I See You

Every year leading up to Mother’s Day, we are inundated with public service announcements about being mindful; mindful of women who had miscarriages, women with fertility issues, those who have lost their moms, etc. I think these are great reminders. I love that we are encouraged to be considerate. However, I have never seen one surrounding Father’s Day. Perhaps it is because men don’t physically carry a child so we don’t associate many of those situations with dads.

The one I will usually see, understandably, is consideration for and sadness expressed by those whose fathers have passed away. I do not mean to take away from their loss, AT ALL, but I wanted to write this to shed light on another group that struggles with lots of emotions on Father’s Day—the ones who lost dads that are still alive. I have mourned my dad already and, to my knowledge, he has not passed away.

When I used to look back on my childhood, I thought myself lucky. Despite my parents being divorced, my dad was always included in things and, for the most part, he showed up for them all. But, as I started to get older, he started showing up less and less until he completely shut himself out of my life once I was an adult, married, with a child of my own. Clearly, those times he showed up in my childhood were because he felt like he had too. If it had been because he wanted to, he would still be showing up now.

Father’s day is hard for me. I am grateful that as a mom, I get to celebrate my own husband today. He deserves all of it! But seeing posts from adult friends about their fathers and reading the heartfelt messages they share, stings. When I go to weddings and watch the bride dance with her dad, I, like so many, tear up. But, for me, it is more than just about the present moment. I tear up because I feel that void again. I realize that the bond they share is something I have never, and will never, truly understand. I did dance with my father at my wedding and it is the one thing about that day I would change if I could. It was forced, contrived, fake. I can’t even look at pictures of that moment without feeling resentment and a bit of anger.

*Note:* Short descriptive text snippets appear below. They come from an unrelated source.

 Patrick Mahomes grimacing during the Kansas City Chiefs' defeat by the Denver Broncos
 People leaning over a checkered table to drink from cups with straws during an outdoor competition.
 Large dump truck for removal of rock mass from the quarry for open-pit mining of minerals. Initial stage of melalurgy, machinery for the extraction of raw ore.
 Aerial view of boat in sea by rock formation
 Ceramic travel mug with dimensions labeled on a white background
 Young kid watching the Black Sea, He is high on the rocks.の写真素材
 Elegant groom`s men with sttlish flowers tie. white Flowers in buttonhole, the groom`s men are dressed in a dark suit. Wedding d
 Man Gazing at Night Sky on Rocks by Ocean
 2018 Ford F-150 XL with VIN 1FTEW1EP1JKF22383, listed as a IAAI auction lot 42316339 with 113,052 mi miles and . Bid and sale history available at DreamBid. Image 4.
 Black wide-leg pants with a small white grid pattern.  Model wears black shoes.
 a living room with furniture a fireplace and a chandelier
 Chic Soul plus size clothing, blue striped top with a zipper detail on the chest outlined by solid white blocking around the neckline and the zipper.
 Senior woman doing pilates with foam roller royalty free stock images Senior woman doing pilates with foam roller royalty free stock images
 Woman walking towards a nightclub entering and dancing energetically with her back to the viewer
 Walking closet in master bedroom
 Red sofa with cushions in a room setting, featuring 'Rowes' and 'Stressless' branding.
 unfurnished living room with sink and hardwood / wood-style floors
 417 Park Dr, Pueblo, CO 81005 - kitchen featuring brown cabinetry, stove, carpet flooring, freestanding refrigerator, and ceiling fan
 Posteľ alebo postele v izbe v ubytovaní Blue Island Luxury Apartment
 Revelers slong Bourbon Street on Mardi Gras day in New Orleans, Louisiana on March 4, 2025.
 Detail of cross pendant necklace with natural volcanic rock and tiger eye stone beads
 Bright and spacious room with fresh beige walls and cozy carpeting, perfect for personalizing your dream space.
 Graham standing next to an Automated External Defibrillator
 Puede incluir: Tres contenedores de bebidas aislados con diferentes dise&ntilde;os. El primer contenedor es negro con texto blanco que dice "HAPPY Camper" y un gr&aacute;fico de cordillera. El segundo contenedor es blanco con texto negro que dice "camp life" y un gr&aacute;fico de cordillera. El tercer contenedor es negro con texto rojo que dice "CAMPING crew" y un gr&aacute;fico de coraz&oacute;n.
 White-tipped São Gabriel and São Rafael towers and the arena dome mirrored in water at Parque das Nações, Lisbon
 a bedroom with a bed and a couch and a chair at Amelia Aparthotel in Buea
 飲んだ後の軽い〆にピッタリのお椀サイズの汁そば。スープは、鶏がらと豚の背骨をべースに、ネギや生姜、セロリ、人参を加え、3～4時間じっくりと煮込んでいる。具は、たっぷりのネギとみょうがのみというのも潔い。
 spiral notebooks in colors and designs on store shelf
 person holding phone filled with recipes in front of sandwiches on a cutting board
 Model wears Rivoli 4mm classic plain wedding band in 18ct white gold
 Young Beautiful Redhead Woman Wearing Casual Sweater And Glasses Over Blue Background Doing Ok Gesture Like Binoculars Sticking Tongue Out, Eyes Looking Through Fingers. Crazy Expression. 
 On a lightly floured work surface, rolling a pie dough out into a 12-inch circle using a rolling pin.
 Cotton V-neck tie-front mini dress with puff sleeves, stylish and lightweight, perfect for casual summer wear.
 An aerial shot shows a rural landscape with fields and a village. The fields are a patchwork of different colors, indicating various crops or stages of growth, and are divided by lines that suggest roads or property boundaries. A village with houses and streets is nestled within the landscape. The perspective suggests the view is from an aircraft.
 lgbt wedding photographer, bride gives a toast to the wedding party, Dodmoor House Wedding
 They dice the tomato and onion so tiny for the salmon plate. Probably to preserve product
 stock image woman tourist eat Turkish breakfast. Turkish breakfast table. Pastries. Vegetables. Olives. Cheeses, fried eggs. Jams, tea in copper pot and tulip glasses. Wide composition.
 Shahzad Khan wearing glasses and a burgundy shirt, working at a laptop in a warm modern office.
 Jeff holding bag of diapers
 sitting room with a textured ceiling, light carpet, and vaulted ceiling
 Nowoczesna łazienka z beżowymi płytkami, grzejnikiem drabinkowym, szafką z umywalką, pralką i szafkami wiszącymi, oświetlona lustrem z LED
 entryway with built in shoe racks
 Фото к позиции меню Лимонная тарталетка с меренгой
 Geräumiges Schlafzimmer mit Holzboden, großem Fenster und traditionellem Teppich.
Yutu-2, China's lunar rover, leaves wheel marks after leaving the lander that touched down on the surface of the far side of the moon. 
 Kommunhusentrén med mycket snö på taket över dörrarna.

I know I sound bitter, but truthfully, I am not. I will always carry the hurt that he caused, but it has not turned me cold. I was blessed with a grandfather who filled those shoes in my life better than my own dad ever could have. He was the one I wanted to dance with when I got married, but he did not live to see that day. Now, in my adult life, I have a husband who loves me deeper than I ever thought a man could. He is an incredible dad to our boys and he has helped me overcome so many trust issues that I harbored from my childhood.

But days like today are hard. I don’t really miss him, but I am saddened by the fact that I don’t even know where he is. I couldn’t reach out if I wanted to. My sister and I have to think about how we will explain his absence to our own children when they, inevitably, ask why they don’t have a grandpa. He chose to walk away and that is a hurt you can never understand unless you have lived it. So, if like me, you face hurts and demons on days like today, I see you and I understand what you are going through.